A Legacy of Peace

by Meta Commerse
Dr. Vincent Harding died last week, at age 82. When I heard this news, I touched my body to be sure that I was awake.
Two days before that Sam Greenlee had died. This week Maya Angelou died. Writers, thinkers, teachers, activists, all. My elders. That’s how I think of them, for they in their generation – that of my parents, also known as The Silent Generation – came forth with words, commitment, and action, now their legacy, to guide us, inform us, and help us to change the world.

It’s a world that needs changing perhaps now more than at any other time. There is so much about that that I would say in this piece that the constraints of time and space will not allow. Let me say that Harding’s voice was one that I adored because, as an aide to Dr. King, as an architect of their work, he personally carried the annals of what we know as the Civil Rights Movement in his heart. And, in the decades since Dr. King’s assassination, he has let the juice of those experiences become wine, become wise teachings of an ever broadening and deepening perspective to make it not only global or boundless in place, but prophetic and boundless in time.

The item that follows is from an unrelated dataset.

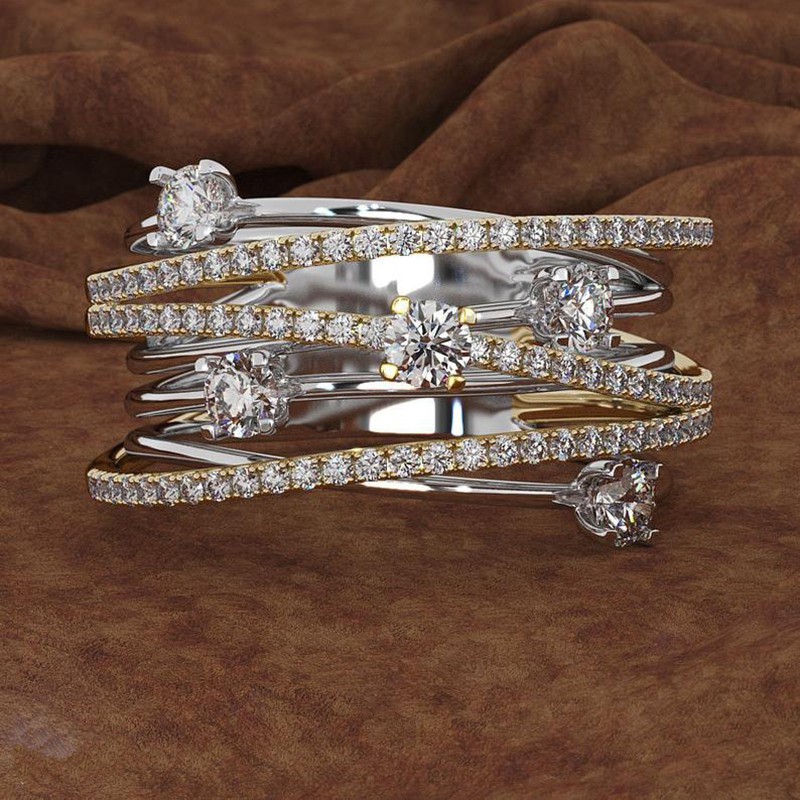 Nhẫn Aifei bằng bạc sterling 925 mạ vàng 18k đính kim cương dành cho nữ R514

In his most recent radio interviews with Krista Tippett on National Public Radio, these rich conversations represented that era of change in a way most relevant, living, and vital today. He was loving, forgiving, and inclusive in his language, although, as an African American, he never lost sight of his sense of history and of history’s purpose. Still, he was not only African American. He was a human being, and the same, peaceful, light-hearted resolve that we hear in the words of Archbishop Desmond Tutu and from the late Nelson Mandela, we hear in Harding. It is as if he said in essence, “I know that my best work has been done now. I am free in my mind, in my sense of who I am, in my sense of who you are, in my sense of who and what America is.”
To exemplify, to teach, to inspire this kind of resolve and peace when all is said and done is to have transcended the worst pain and disappointment of the struggle; to have extracted and applied the lessons and treasures is what Harding did. As an elder, father, pillar of the movement, he never ceased pointing to the miraculous strides and sacrifices that had been made while placing them and that rich history in the context of the struggles we face today and uplifting and reminding our youth of the importance of their own hopes and dreams, of what work is still undone, what change is still possible for us to achieve.

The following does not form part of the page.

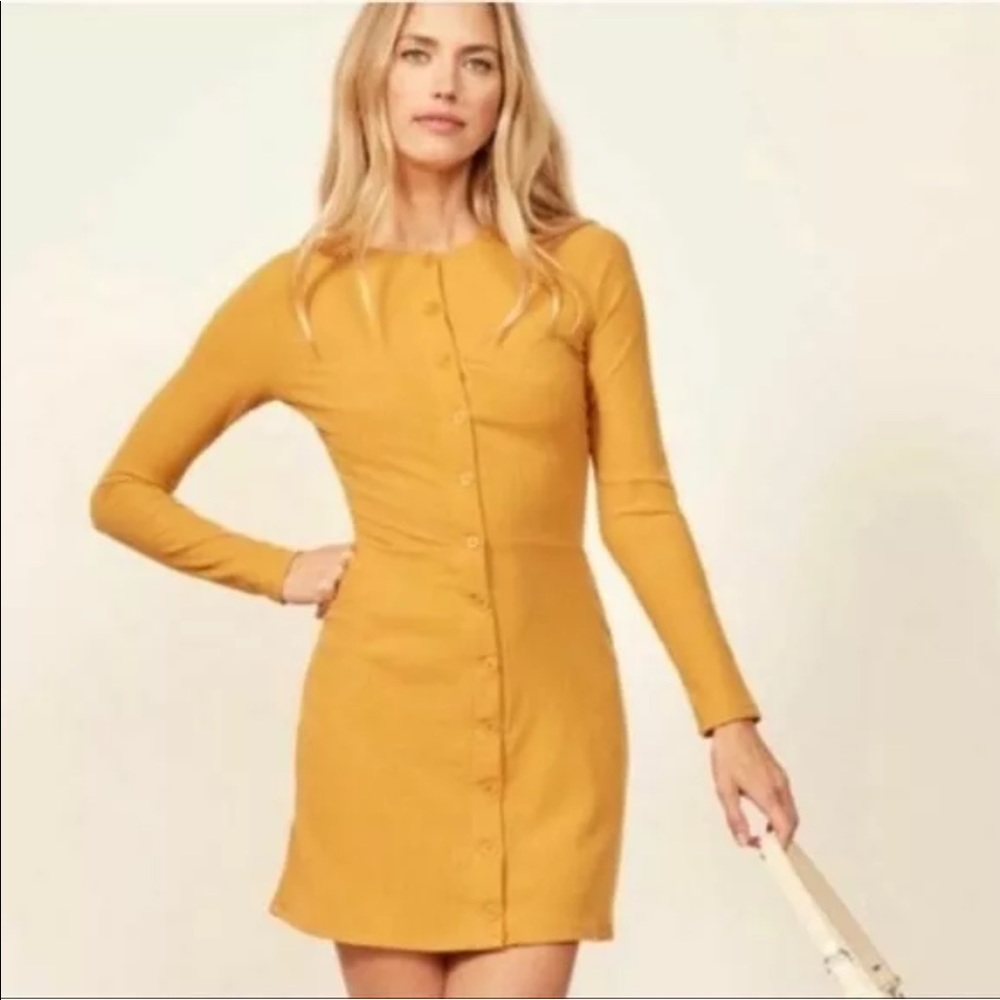 Aida ribbed mustard reformation long sleeve dress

For our wise elders, Greenlee, Angelou, Harding, death’s portal stands between them and us now, as they have joined the ancestral realm. It is that door through which we must all pass. Let us learn well from their teachings and put to good use the rich legacy they leave to us. Let us take our inheritance and create the beloved community they dreamed of, the beloved community that lives behind our eyes, the beloved community that cries out from the very marrow of our bones to be made real right where we stand.

Maya Angelou: 1928-2014
Maya Angelou, one of America’s most celebrated poets, novelists and civil-rights activists will be greatly missed. Angelou, who served on two presidential committees and was recognized with numerous awards, was 86 years old.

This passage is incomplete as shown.